» Material to process
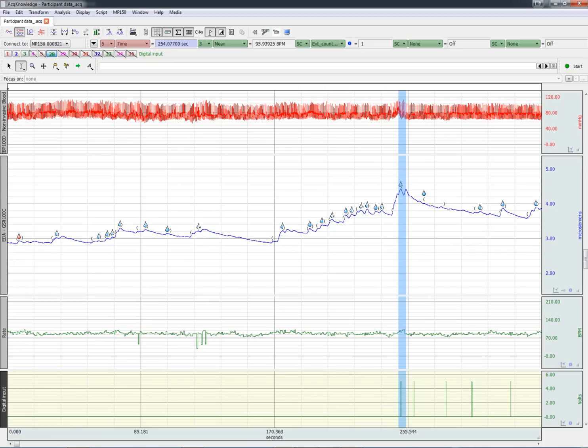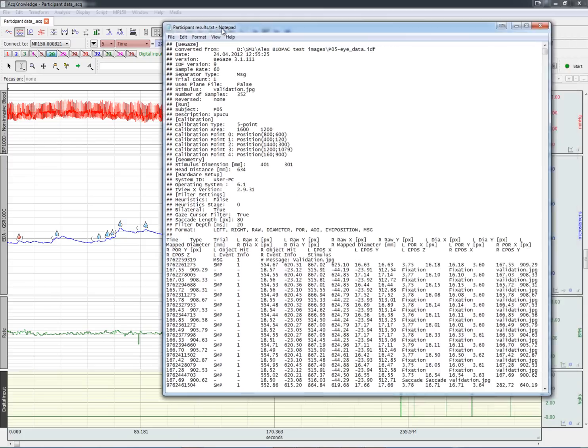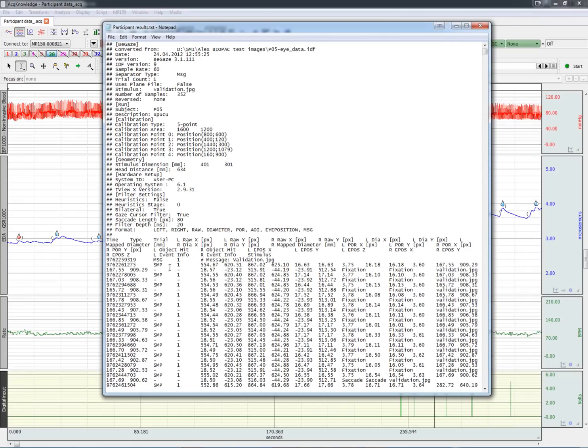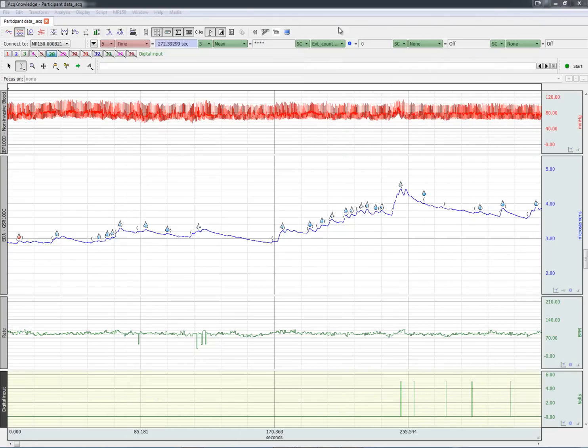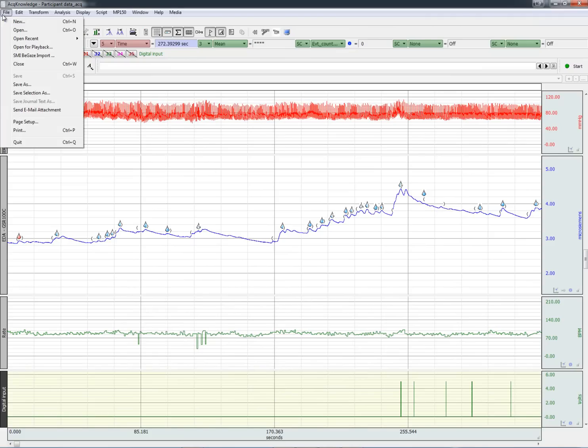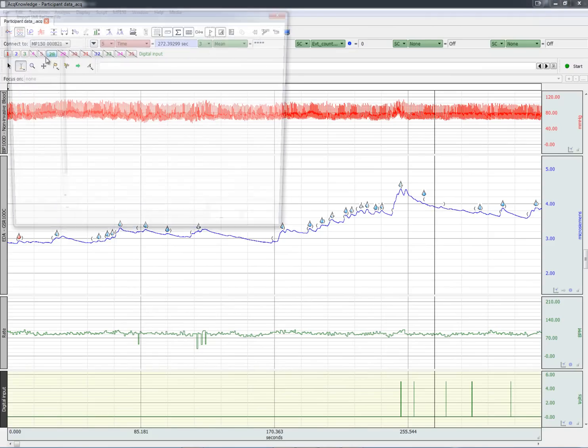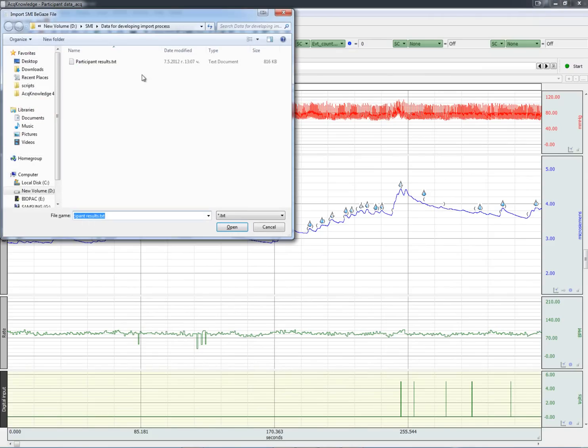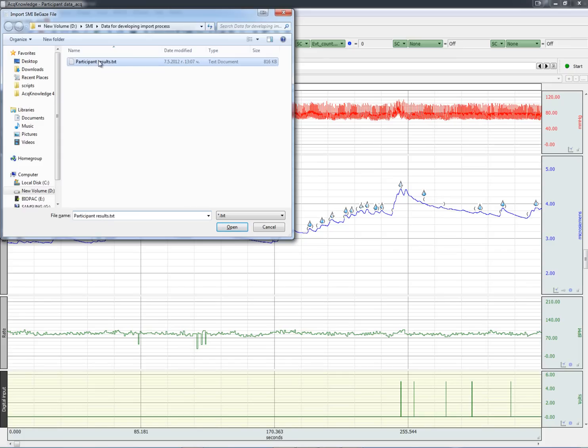The eye tracking data has been exported from Big A's as a text file. We can now merge this eye tracking data into the physiological record. Go to the file menu and choose the SMI Big A's import. Choose the file that contains the exported data from SMI.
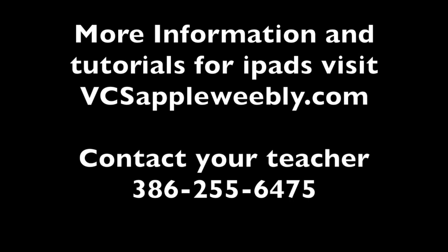I hope this video helped clarify a few things regarding our distance learning. For more information, specifically looking at how to do these things with iPads, visit vcsappleweebly.com or you can also contact your teachers through 386-255-6475. Your child's teacher will be providing you with their extension. See you Monday.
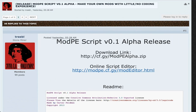What's going on guys? Wogger here and I'm back with another video. I'm going to be showing you guys how to create your own mods with little or no coding experience. So this script, ModP's script, was created by TreeBL. Pretty much what it does is it lets you create a script online on his website, download it to your device, and it runs on runtime while the game is running — so it's like installing a mod while the game is running.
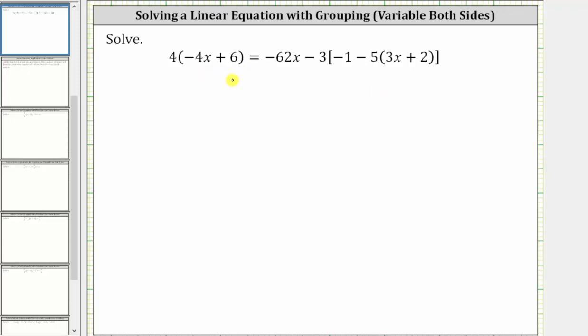The solution to the equation is the value of the variable that satisfies the equation or makes the equation true. In order to solve the equation, we need to isolate the variable x on one side of the equation.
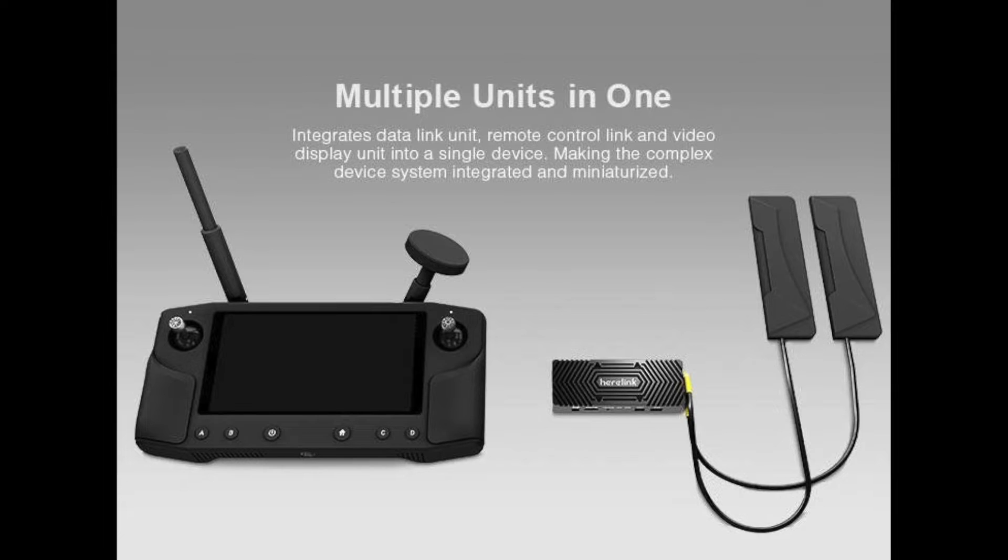As I said it is similar to the DJI Lightbridge system, however it has got a built-in screen so it covers pretty much everything you would need to do.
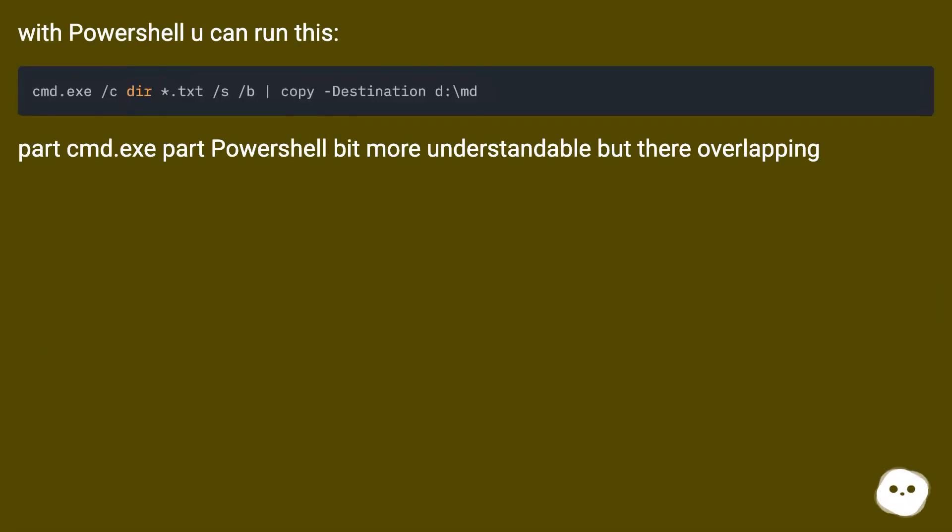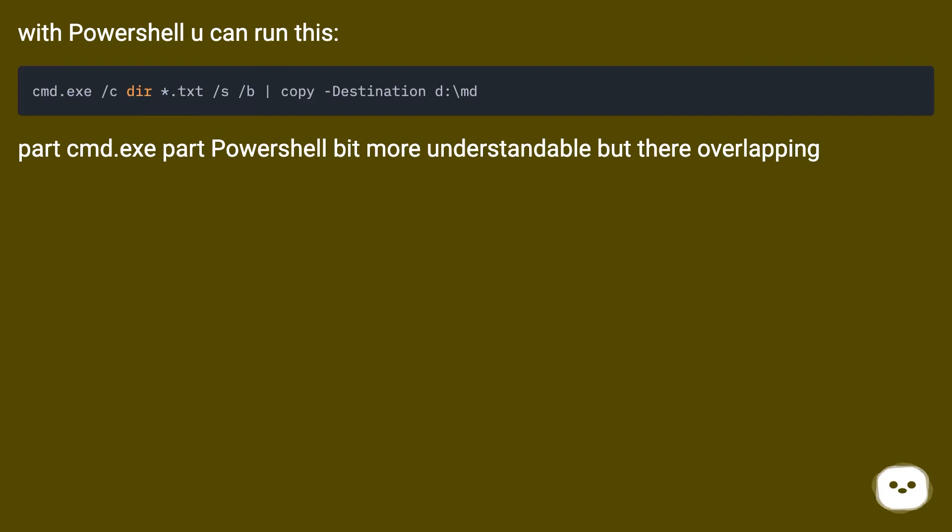With PowerShell you can run this. Part cmd.exe, part PowerShell—bit more understandable, but they're overlapping.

» Task description
The whole listing must come back verbatim, with no pictures included.

» Worked solution
The eye tracking data has been exported from Big A's as a text file. We can now merge this eye tracking data into the physiological record. Go to the file menu and choose the SMI Big A's import. Choose the file that contains the exported data from SMI.
I hope this video helped clarify a few things regarding our distance learning. For more information, specifically looking at how to do these things with iPads, visit vcsappleweebly.com or you can also contact your teachers through 386-255-6475. Your child's teacher will be providing you with their extension. See you Monday.
What's going on guys? Wogger here and I'm back with another video. I'm going to be showing you guys how to create your own mods with little or no coding experience. So this script, ModP's script, was created by TreeBL. Pretty much what it does is it lets you create a script online on his website, download it to your device, and it runs on runtime while the game is running — so it's like installing a mod while the game is running.
The solution to the equation is the value of the variable that satisfies the equation or makes the equation true. In order to solve the equation, we need to isolate the variable x on one side of the equation.
As I said it is similar to the DJI Lightbridge system, however it has got a built-in screen so it covers pretty much everything you would need to do.
With PowerShell you can run this. Part cmd.exe, part PowerShell—bit more understandable, but they're overlapping.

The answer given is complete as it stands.